On and off for about 4 years with more rapid updates near the final 3 months.
• Wireframes and final screen UI from Figma
• Usability Test assets
• Customer Journey Maps and Flow Diagrams
Increase in conversion
Year-Over-Year sales
Experiments in 14 weeks
The project lasted about 4 years from inception to launch and it required dozens of compromises, a great deal of stakeholder buy-in and an insane amount of back and forth during development.
The last time Kohl's redesigned the Checkout experience was 2008. We had a full decade of bolt-on experiences, added requirements and institutional knowledge spread across teams.
We can talk about screens, time on task, number of inputs and other measures but I felt the best way to evaluate our experience was to create an objective graph of the options we require and allow at each step of the checkout process.

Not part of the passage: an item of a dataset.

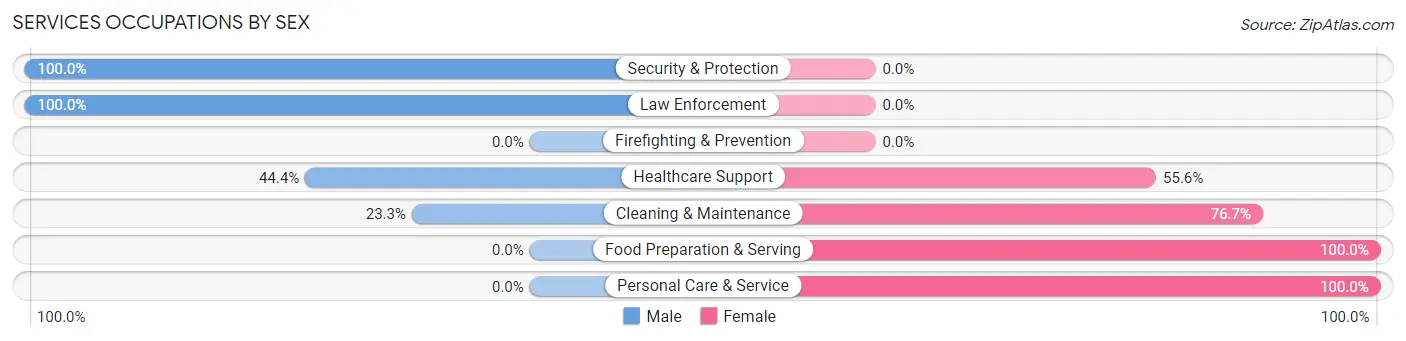Services Occupations by Sex in Lester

I sat with our stakeholders to map out pain points and customer frustration. This helped us build more buy-in and start to uncover assumptions.
Once we uncovered the larger view, I started talking to individual stakeholders. It's amazing to see the knowledge and expertise across various disciplines. It helped to see the things we don't often talk about because we're focused on what we think is the most important thing.
Customers build a cart over weeks or months. We had to get creative to get really useful insights. While testing prototypes, I developed an animation to reset customer expectations and mimic the passage of time.
This intentional distraction helped us understand more about customer mental models when items fall out of stock.
"I need to buy my kid new shoes and school supplies but I can only buy some of it this week. I get paid next week. I just don't have the money now."
Our stakeholders often compared our designed experiences with competitors. Whether it was a way to ask questions, engage with the designers or just cut corners, it was something we often had to address.
I decided to embrace this. I ran a workshop with our stakeholders and we critiqued a competitor. From that point forward, rather than copying the experience, we used it as a jumping off point.
Next, I needed to get feedback from stakeholders and turn these wireframes into a direction for our future work.
First, I developed a system and some principles that would help us make decisions. We also did this with buy-in from stakeholders so all of us were speaking the same language and making a cohesive product.
After interviews and concept tests, research studies and gathering metrics, wireframing and refining the branding, I finally pitched our North Star vision.
We didn't launch right away. First we had to prove this design was the best design for our customers. During the summer of 2020 we distilled our North Star into 14 rapid A/B tests.
With our rapid tests we were able to build our Out of Stock Tray, setting aside out of stock items and allowing customers to continue to check out.
This proved to be a huge conversion driver. Before this, a customer would need to manually remove each out of stock item. That success gave the business teams confidence in our design team and our idea.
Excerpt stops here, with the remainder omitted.